Astronomers Detect Mysteriously Contorted Fast Radio Bursts
Astronomers have been puzzling over so-called fast radio bursts for several years now, but their unpredictable nature has hampered our attempts to understand this bizarre phenomenon. That’s why an object called FRB 121102 has been of such interest. Whatever this object is, it fires off fast radio bursts repeatedly. A team of astronomers studying the signals from FRB 121102 have now reported some unexpected results. The signals from FRB 121102 appear to be “twisted” in a way that indicates an extreme stellar environment.
The first fast radio bursts were identified in 2007, but they’ve been difficult to study. They were named accurately, you see. A fast radio burst lasts only a millisecond, and they don’t repeat. However, FRB 121102, which lies in the heart of a dwarf galaxy some 3 billion light years away, is the exception that proves the rule. This object emits fast radio bursts in clusters, allowing scientists to gather data in real time and train more instruments on the source.
We already know that fast radio bursts are incredibly energetic — they’d have to be for us to detect them so far away.

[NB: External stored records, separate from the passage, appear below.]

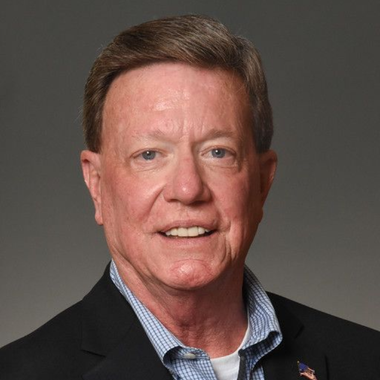Head-and-shoulders portrait of a man in a dark blazer and checkered shirt, smiling against a gray background.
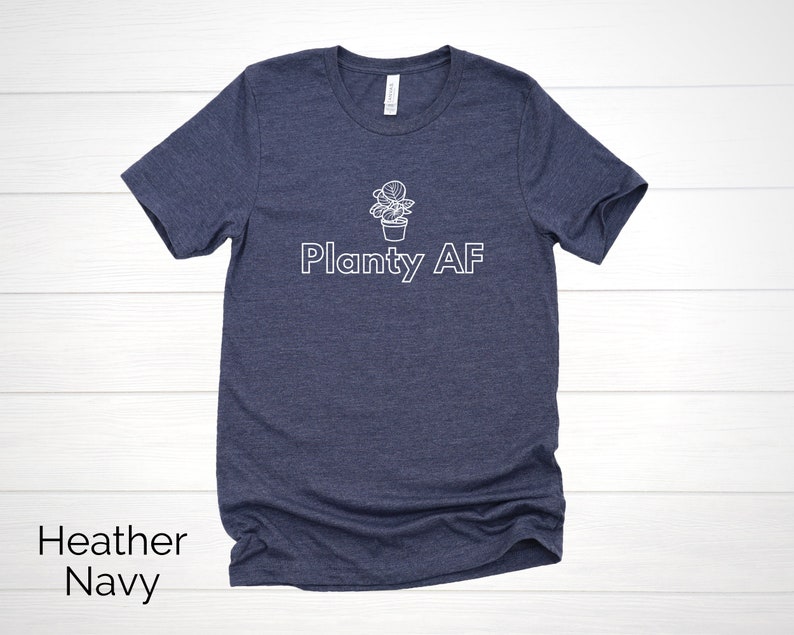 May include: A heather navy blue t-shirt with a white graphic of a potted plant and the text "Planty AF".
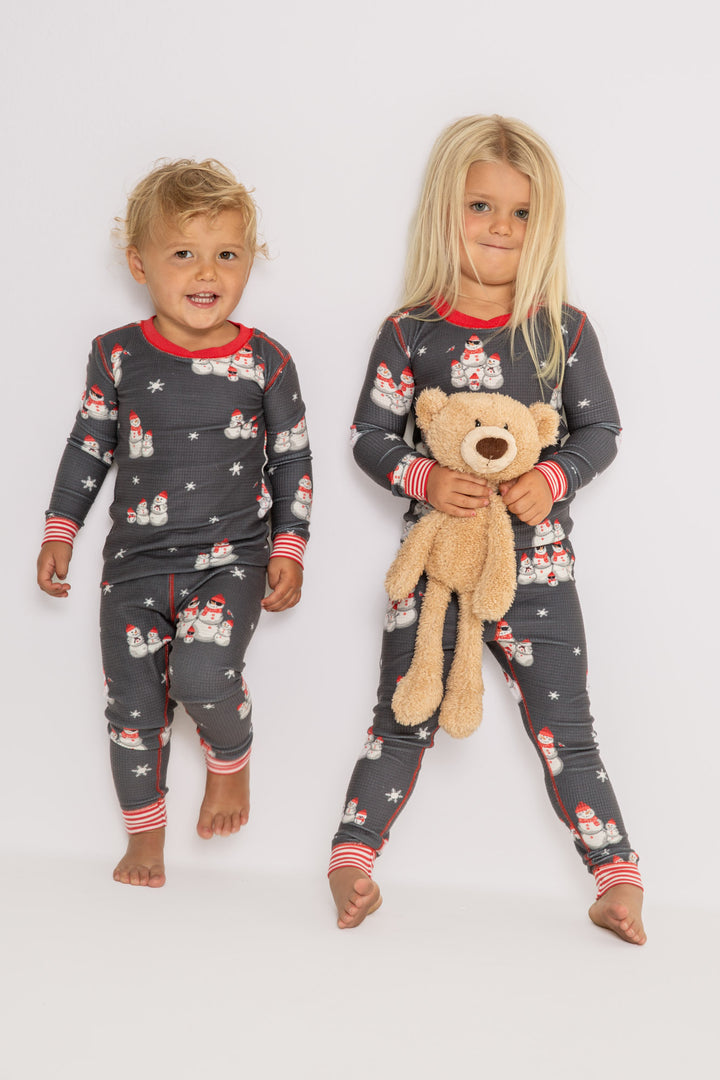 Kids' gender-neutral pj set in grey thermal velour with snowman print. Red & white striped cuffs. (7257679659108)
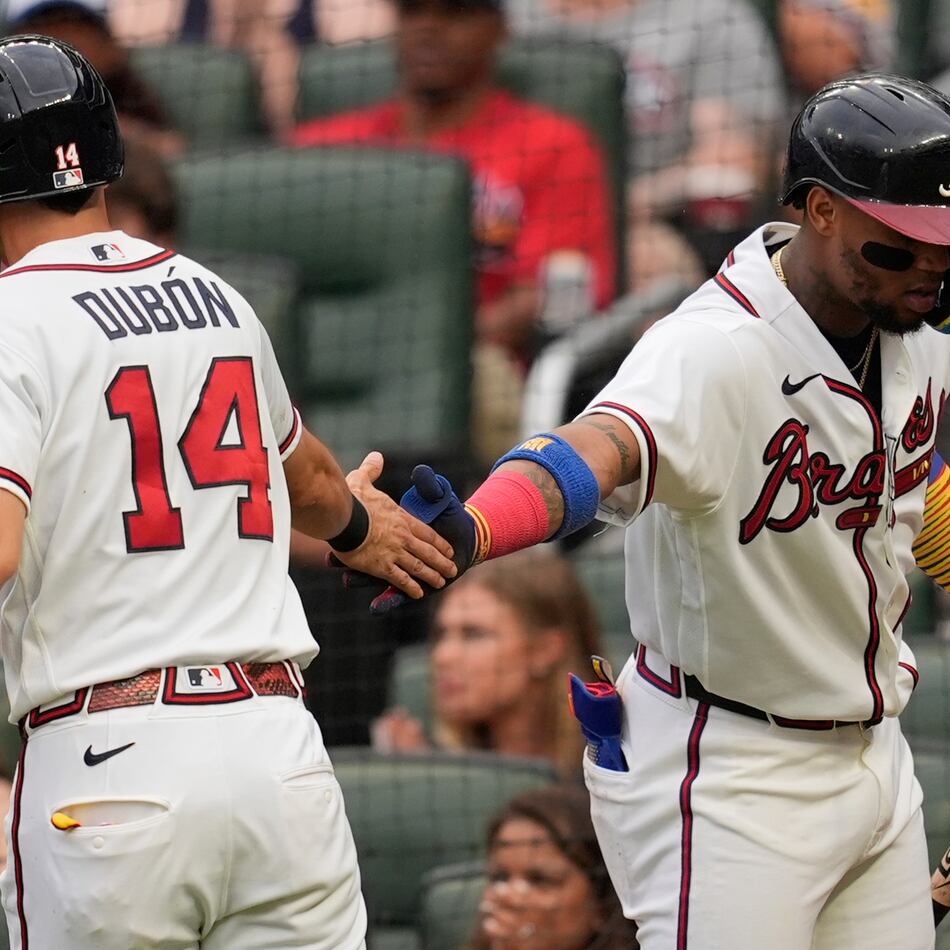 Atlanta Braves' Mauricio Dubón (14) celebrates scoring off the bat of Drake Baldwin in the second inning of a baseball game against the Miami Marlins, Wednesday, Aug. 5, 2026, in Atlanta. (Mike Stewart/AP)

These emissions could be related to supernovas, pulsars (rotating neutron stars), or magnetars (pulsars with powerful magnetic fields). FRB 121102 gives scientists an opportunity to learn more about the environment surrounding the radio source, which could help us understand what causes fast radio bursts. What they found is evidence of an extremely powerful magnetic field.

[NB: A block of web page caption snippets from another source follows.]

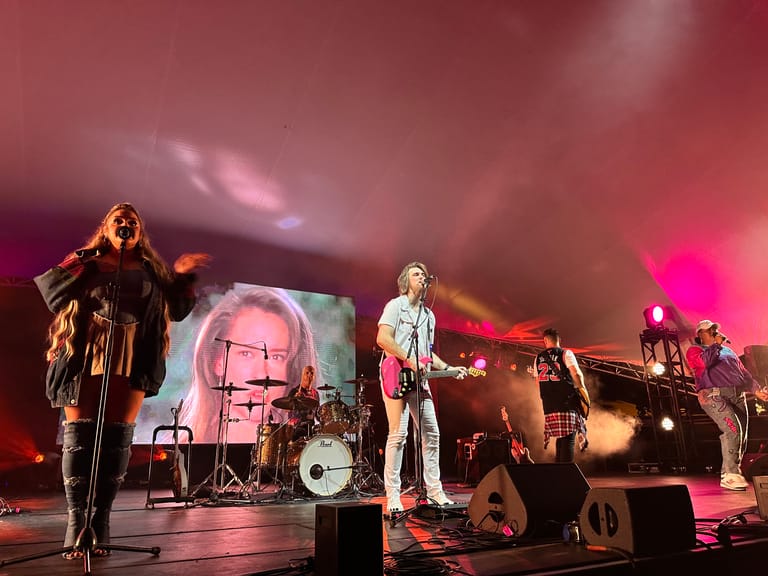 Band performing on stage with pink and purple lighting, featuring a large screen displaying a band member's face.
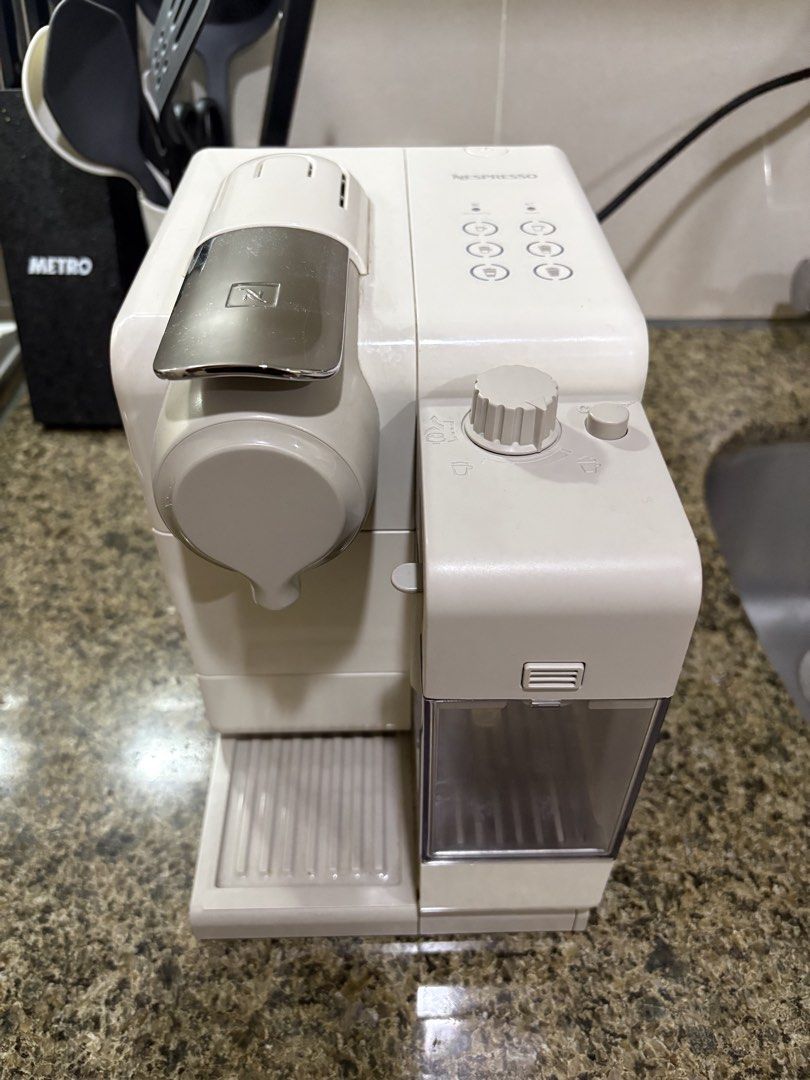 Nespresso Lattissima Touch Coffee Machine (Category: Coffee Machines & Makers) located in Pasig City. Submitted by carlameireyes (Listing ID 1470504156, Image 1). Description: Price: Php11,000 negotiable Model: Nespresso Lattisima Touch F521 Current state: Fully functional, no damage Usage: Bought in 2020, heavily used but no damage RFS: No longer using and need to declutter Other notes: Will need descaling, and we no longer have the box, but we 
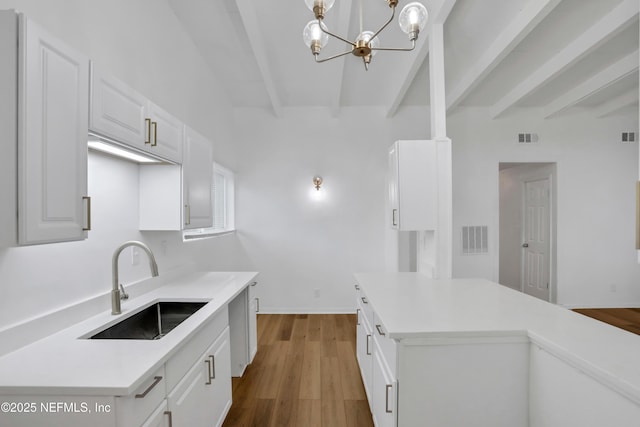 kitchen featuring white cabinetry, sink, an inviting chandelier, beamed ceiling, and pendant lighting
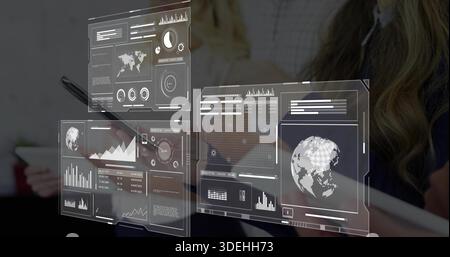 Displaying holographic dashboards floating over office table with tablet, stylus and team in suits Stock Photo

The team used the Arecibo Observatory (above) in Puerto Rico and the Green Bank Telescope in West Virginia to observe FRB 121102 as it let off a burst. The idea was to measure the polarization (geometric orientation) of the electromagnetic signal, which can be affected by local phenomena. The extraordinary polarization of light from FRB 121102 was totally unexpected. Polarization has been observed in other fast radio bursts, but this was 500 times more extreme.

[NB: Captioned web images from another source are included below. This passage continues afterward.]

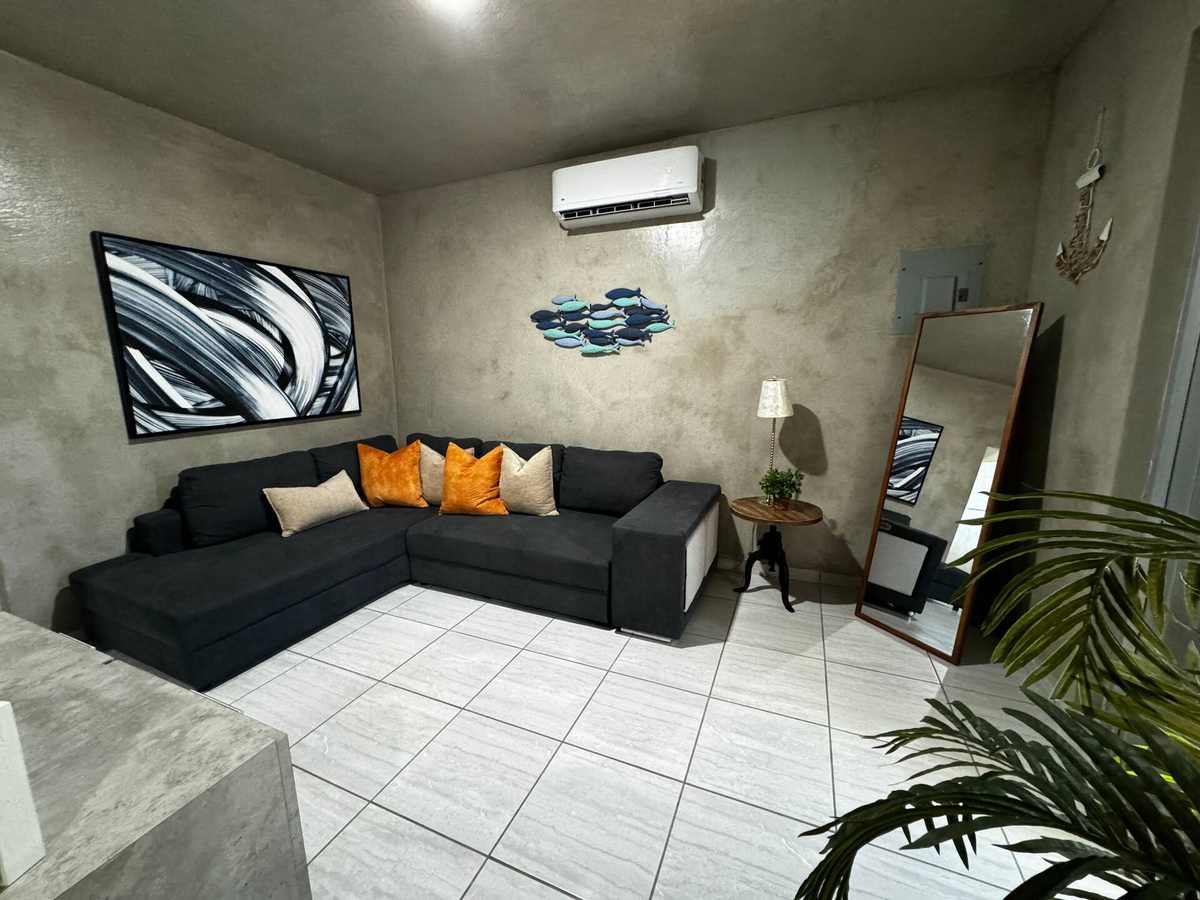 Sala con sofá gris oscuro y cojines anaranjados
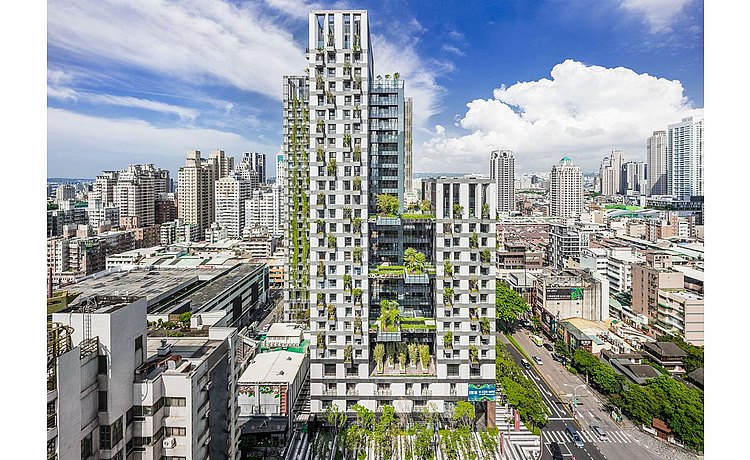 Sky Green skyscraper overgrown with greenery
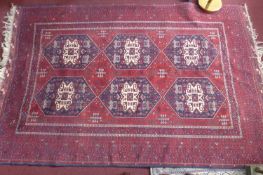 A 20th century Afghan carpet with 6 geometric medallions, on a red ground, contained by many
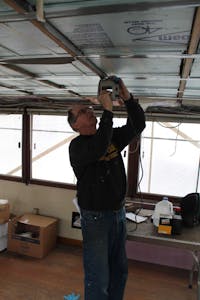 crew member performing off-season maintenance on boat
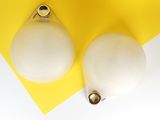 yellow and white background with two white lamps on top of a yellow and white surface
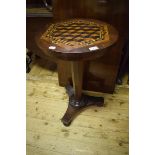 A Victorian mahogany occasional table, the top with geometric parquetry inlay, on a tapering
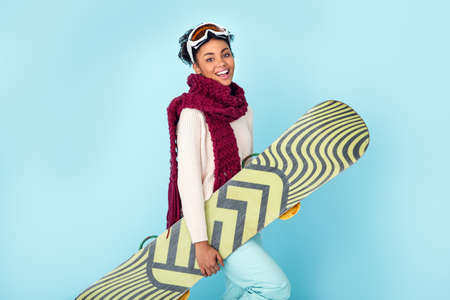 Young african woman isolated on blue wall studio winter sport snowboarding concept walkingの写真素材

There was a feeling among researchers that they were close to understanding FRB 121102, but now things are less clear. The new data points to several possible explanations, though. FRB 121102 may be a pulsar in close proximity to a growing supermassive black hole. The plasma spinning around the black hole could lens and polarize the light from FRB 121102, but why would a giant black hole be in a dwarf galaxy. Another possibility is FRB 121102 resides within a dense nebula that affects its signal, but then how did it get bright enough for us to see?
There’s plenty of work still to be done before we understand fast radio bursts. They’re hard to catch, but about 10,000 of them appear in the sky every night. Each one gets us a little closer to the solution.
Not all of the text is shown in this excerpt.